--- DIRECTIONS FOR THIS TASK ---
Write out the records once more, exactly, and keep any image out.

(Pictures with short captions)

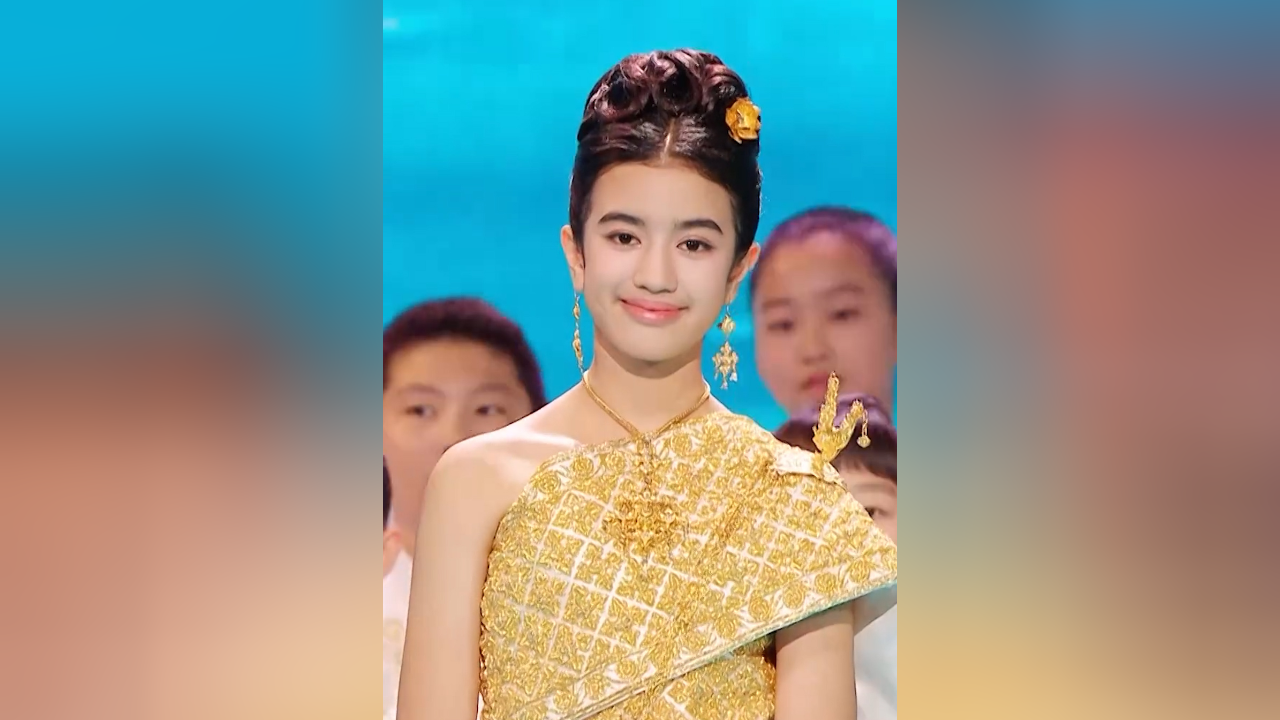 12岁柬埔寨公主登上央视舞台被赞有国家级美貌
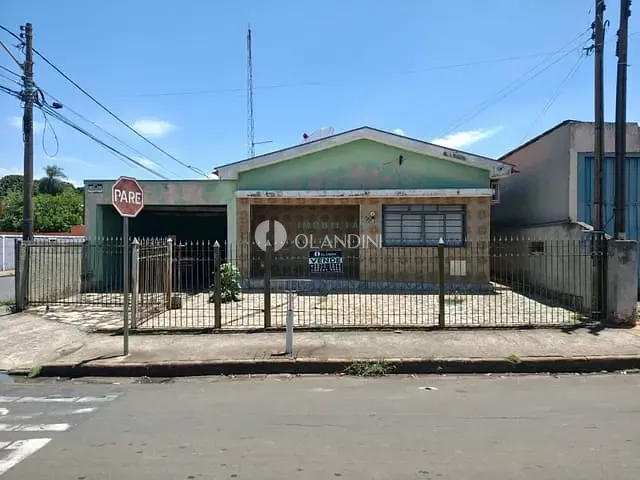 Casa com 438m² 2 quartos e 2 banheiros, à venda, no bairro Vila Nova em Cosmópolis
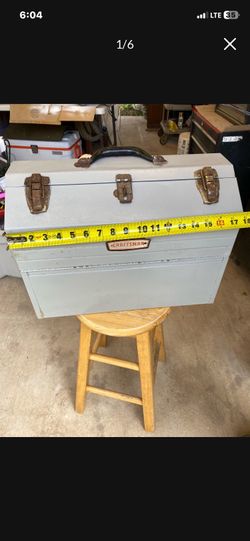 Craftsman tool box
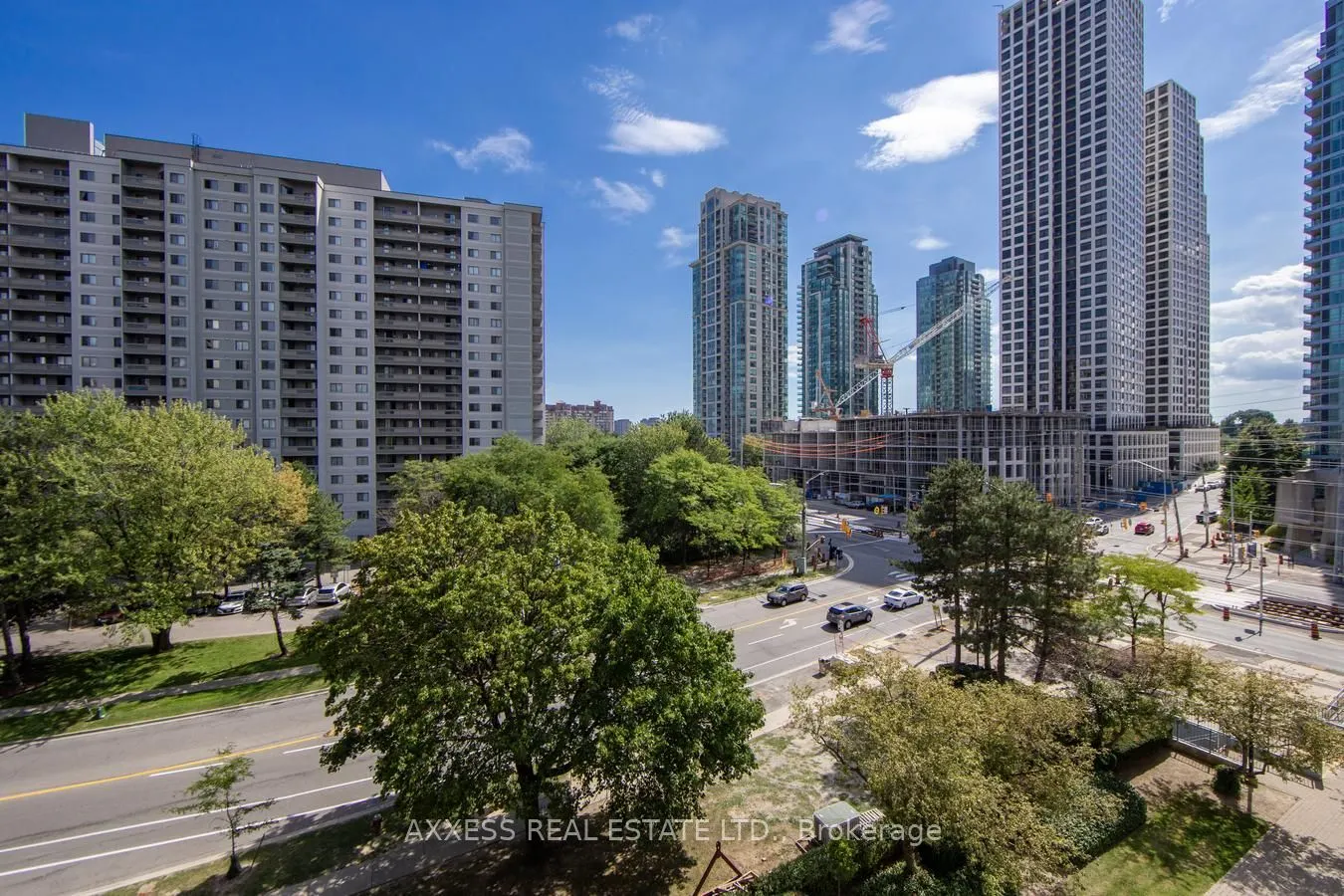 3590 Kaneff Crescent, #609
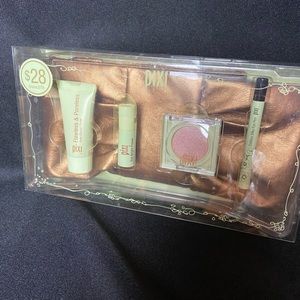 Pixi makeup essentials & clutch set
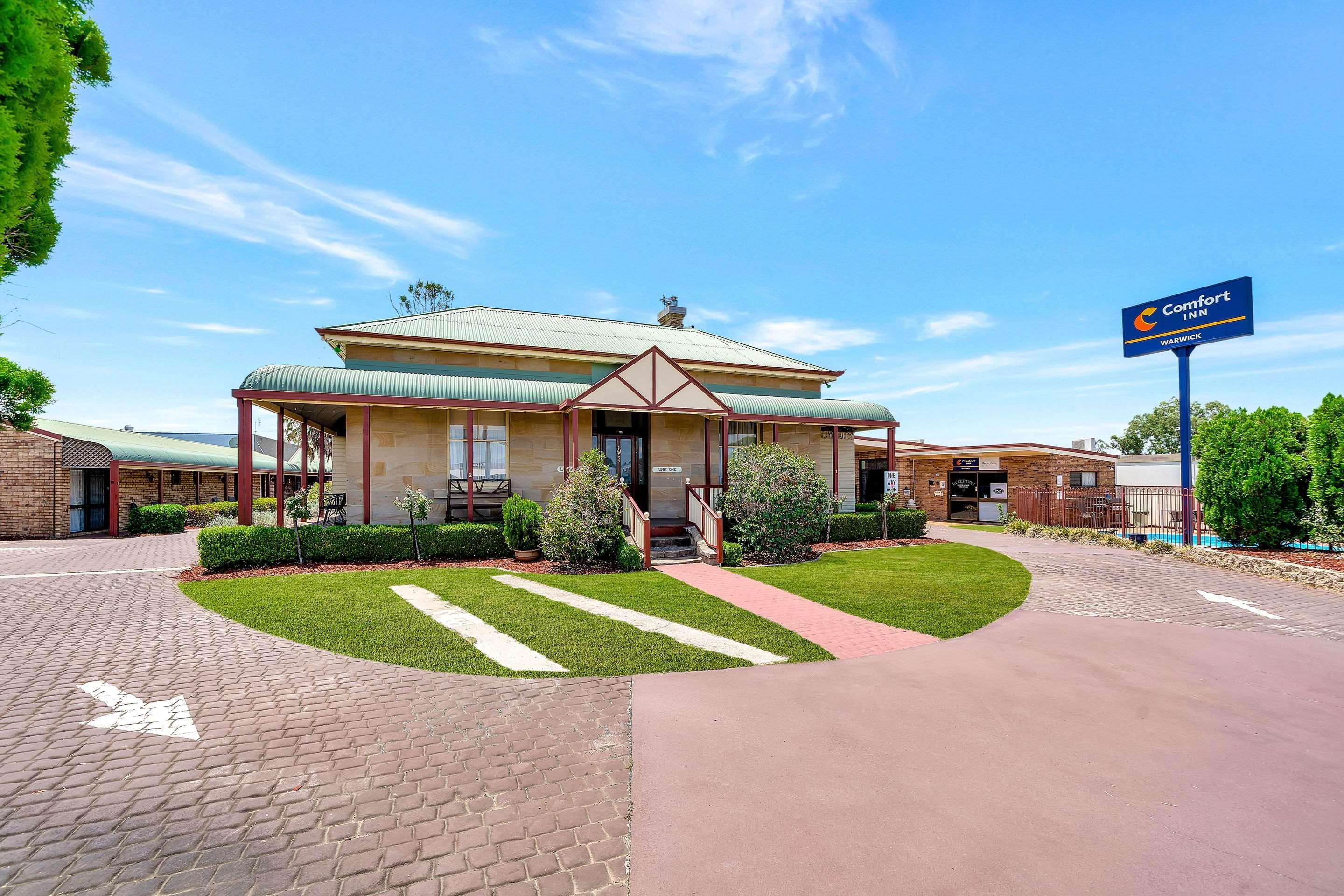 Warwick Settlers Inn Εξωτερικό φωτογραφία
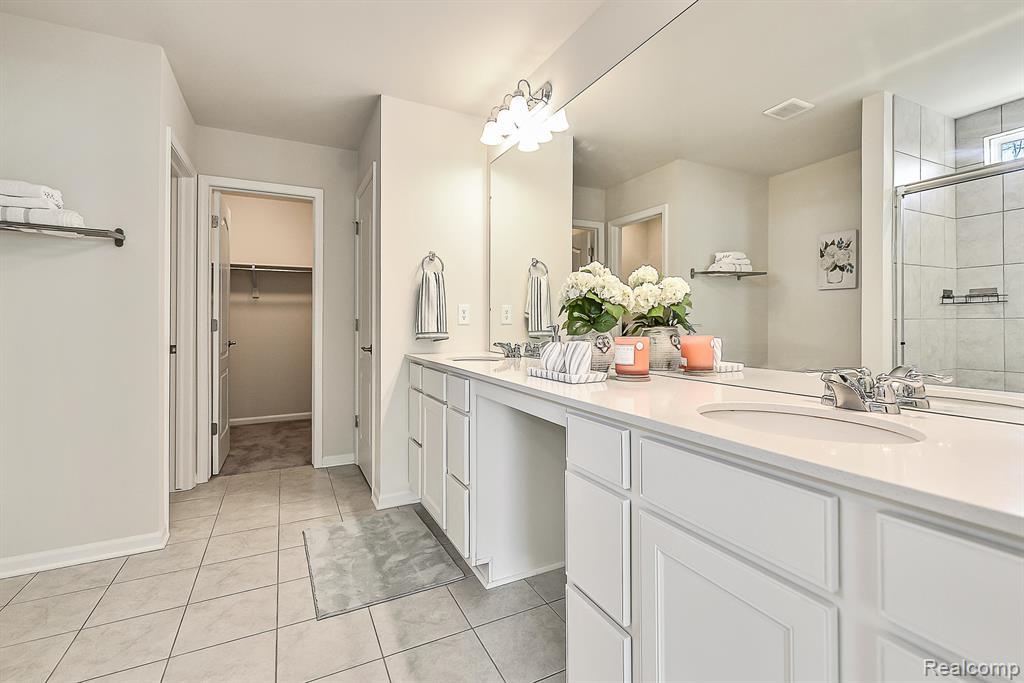 2839 Dillon Drive, Ann Arbor, MI 48105 — Photo 28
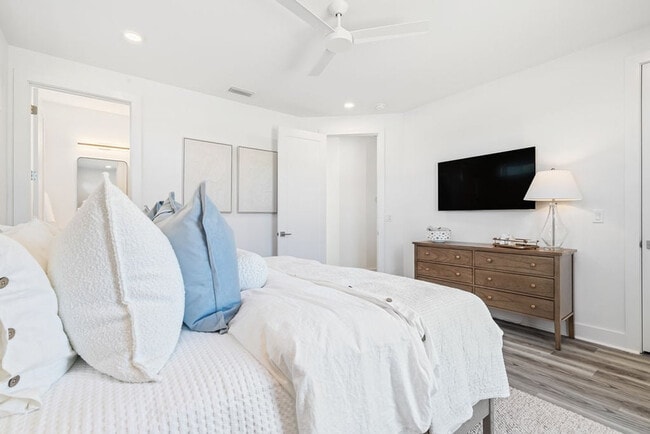 Building Photo - 24 Annabella St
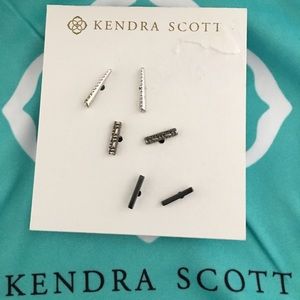 Kendra Scott Carlson Earrings.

--- EXPECTED OUTPUT ---
 12岁柬埔寨公主登上央视舞台被赞有国家级美貌
 Casa com 438m² 2 quartos e 2 banheiros, à venda, no bairro Vila Nova em Cosmópolis
 Craftsman tool box
 3590 Kaneff Crescent, #609
 Pixi makeup essentials & clutch set
 Warwick Settlers Inn Εξωτερικό φωτογραφία
 2839 Dillon Drive, Ann Arbor, MI 48105 — Photo 28
 Building Photo - 24 Annabella St
 Kendra Scott Carlson Earrings.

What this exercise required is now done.